Not even stooping from its sphere,
It asks a little of us here.
It asks of us a certain height...
 
A certain height--the height, hope, and dignity of faith. A height that lets us think and act above the bewildering vicissitudes of changing times and social mores:
 
So when at times the mob is swayed
To carry praise or blame too far,
We may choose something like a star
To stay our minds on and be staid.
 
(The pun in the final line is brilliant, by the way.) This is the bit I thought particularly relevant to us as Americans. Although we may technically live in a republic, when it comes to general culture we are definitely a democracy--as in, mob rule. The pressure to be politically correct, "to carry praise or blame too far," can be almost overwhelming. That's why "we may choose something like a star".
 
But even that isn't quite the right way to put it, considering what we've seen from the rest of the poem. Remember? "It asks a little of us here. / It asks of us a certain height". The title of Frost's poem may be "Choose Something Like a Star", but that is a line of ultimate understatement and irony. In reality, the Star chooses us.





Thursday, November 20, 2014

The Love of Bare November Days: Frost's "My November Guest"

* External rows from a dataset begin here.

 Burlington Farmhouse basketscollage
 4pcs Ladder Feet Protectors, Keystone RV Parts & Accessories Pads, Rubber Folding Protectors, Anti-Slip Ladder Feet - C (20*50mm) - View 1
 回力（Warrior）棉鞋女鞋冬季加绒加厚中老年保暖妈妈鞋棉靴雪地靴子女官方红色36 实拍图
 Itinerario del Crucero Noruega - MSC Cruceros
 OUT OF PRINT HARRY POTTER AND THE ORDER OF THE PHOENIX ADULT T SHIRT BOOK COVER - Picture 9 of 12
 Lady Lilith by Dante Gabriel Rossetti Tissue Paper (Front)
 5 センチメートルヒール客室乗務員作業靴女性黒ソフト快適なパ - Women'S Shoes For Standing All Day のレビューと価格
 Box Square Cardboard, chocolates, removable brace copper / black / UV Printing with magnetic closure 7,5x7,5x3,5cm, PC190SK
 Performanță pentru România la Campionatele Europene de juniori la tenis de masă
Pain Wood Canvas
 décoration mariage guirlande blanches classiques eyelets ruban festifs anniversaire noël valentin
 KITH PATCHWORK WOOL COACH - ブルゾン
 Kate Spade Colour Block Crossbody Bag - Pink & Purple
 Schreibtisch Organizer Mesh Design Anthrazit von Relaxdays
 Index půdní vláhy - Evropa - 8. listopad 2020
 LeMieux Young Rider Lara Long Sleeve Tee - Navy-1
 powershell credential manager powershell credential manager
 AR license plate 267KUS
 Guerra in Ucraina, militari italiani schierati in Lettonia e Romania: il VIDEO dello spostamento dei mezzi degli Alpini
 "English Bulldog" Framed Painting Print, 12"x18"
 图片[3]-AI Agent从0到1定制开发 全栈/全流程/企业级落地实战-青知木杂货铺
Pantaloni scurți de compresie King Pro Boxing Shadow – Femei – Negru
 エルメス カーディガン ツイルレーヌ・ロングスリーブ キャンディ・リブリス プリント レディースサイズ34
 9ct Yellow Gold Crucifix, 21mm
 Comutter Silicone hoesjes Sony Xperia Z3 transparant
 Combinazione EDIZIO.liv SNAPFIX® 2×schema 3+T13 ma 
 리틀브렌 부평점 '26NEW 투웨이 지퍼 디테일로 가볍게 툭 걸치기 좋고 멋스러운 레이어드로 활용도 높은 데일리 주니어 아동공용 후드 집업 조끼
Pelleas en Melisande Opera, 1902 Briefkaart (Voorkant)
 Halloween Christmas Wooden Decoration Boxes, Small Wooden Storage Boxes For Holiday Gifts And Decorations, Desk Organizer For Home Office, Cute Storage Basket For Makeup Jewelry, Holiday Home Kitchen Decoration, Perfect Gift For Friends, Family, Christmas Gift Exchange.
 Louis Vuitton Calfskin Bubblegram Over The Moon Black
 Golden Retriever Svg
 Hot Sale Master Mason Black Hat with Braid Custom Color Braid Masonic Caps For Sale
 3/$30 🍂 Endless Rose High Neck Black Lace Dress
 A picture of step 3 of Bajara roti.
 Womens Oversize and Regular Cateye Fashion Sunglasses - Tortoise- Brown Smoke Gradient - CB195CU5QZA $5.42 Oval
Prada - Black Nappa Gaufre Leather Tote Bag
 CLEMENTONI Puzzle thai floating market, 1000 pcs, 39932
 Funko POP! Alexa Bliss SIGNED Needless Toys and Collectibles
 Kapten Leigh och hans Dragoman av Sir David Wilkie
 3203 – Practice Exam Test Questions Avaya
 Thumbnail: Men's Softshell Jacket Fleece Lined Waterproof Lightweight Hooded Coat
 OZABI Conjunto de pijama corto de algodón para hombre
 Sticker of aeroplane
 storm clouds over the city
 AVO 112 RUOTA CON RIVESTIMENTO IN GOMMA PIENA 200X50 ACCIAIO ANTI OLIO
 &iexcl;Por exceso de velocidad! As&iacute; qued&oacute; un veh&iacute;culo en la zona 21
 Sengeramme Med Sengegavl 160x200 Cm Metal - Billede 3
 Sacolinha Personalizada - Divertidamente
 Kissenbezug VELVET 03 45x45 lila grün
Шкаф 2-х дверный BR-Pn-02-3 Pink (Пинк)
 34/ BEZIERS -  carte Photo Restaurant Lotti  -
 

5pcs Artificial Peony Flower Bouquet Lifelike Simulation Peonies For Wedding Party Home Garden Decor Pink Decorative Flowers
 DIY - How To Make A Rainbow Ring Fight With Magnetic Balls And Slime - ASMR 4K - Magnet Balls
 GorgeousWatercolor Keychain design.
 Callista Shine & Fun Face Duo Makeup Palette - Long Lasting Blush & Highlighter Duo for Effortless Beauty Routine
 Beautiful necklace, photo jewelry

November is typically the month people start complaining about the cold. I personally don't feel the need to complain about weather, unless there's a tornado in the vicinity. But there are particular reasons I actually enjoy the "ugliest" month in the year. Mostly they relate to Advent.
 
The season of Advent, for most of the Catholic Church, starts ten days from now. But for us Eastern Catholics, it's already here. Our "Advent", called Philip's Fast (it begins on the feast of the Apostle Philip), lasts six weeks instead of four. The middle of November is just the time when the soul-stressing noise and empty glister of the "holiday season," begin in earnest. It is just at this time, that Mother Church opens her arms to us, hushes us, and tells us to steady our hearts, for the coming of the Lord is at hand.
 
Fasting, good works, and re-focused prayer are the main tools she gives us. But even nature itself encourages the ascetic ethos. By mid-November, the blazing autumn colors have withered. The grass is damp and yellowing. The wind begins to have a vicious bite. Beauty has gone, at least until the first real snow. Or has it?
 
Robert Frost might disagree. Recently while reading his volume of poetry, A Boy's Will, I ran across this short piece which is truly a November gem:
 
My November Guest
by Robert Frost
 
My Sorrow, when she's here with me,
Thinks these dark days of autumn rain
Are beautiful as days can be;
She loves the bare, the withered tree;
She walks the sodden pasture lane.
 
Her pleasure will not let me stay.
She talks, and I am fain to list:
She's glad the birds are gone away,
She's glad her simple worsted gray
Is silver now with clinging mist.
 
The desolate, deserted trees,
The faded earth, the heavy sky,
The beauties she so truly sees,
She thinks I have no eye for these,
And vexes me for reason why.
 
Not yesterday I learned to know
The love of bare November days
Before the coming of the snow,
But it were vain to tell her so,
And they are better for her praise.
 
At first it seems as if Frost views November like anyone else--a cold, dark, unpleasant, even unnecessary time of year. As we see, his Sorrow persuades him otherwise. But how can we understand this strange love of bare trees and cold fog? Is it a morbid obsession with pessimism and death? I think not. I also think the Church's wisdom can give us insight into Frost's fondness.
 
The two major fasting seasons of the year, in the Eastern Church, both posses an ethos of what we call "bright sadness". This is in obedience to our Lord's command, "And when you fast, do not look dismal, like the hypocrites, for they disfigure their faces that their fasting may be seen by men" (Mat. 6:16). It is a fused spirit of deep repentance and buoyant hope, which prepares us for the greatest feasts of the Church year.
 
Bright sadness and Frost's Lady Sorrow are close cousins. In fact, November as a season epitomizes this attitude. The world has been stripped of its outward beauty and warmth, just as we strip ourselves of bodily pleasures. Nature grows stiller, darker, more rigorous, as we strive to keep a more peaceful spirit and a deeper prayer life. For six weeks we humble ourselves, preparing for the coming of Christ, just as November becomes naked, in preparation for the baptism of glittering December snow.
 
This is the "love of bare November days"--a love of quiet, repentance, and purification. It's not always pleasant--I don't like a November blast breathing down my neck any more than the rest of us--but it is good. A good chill, which reawakens our souls to the task before them: the task of loving God and each other. Ponder that the next time you're tempted to grumble about the forecast.




Thursday, April 10, 2014

The Stalwart Soul: Frost's "A Lone Striker"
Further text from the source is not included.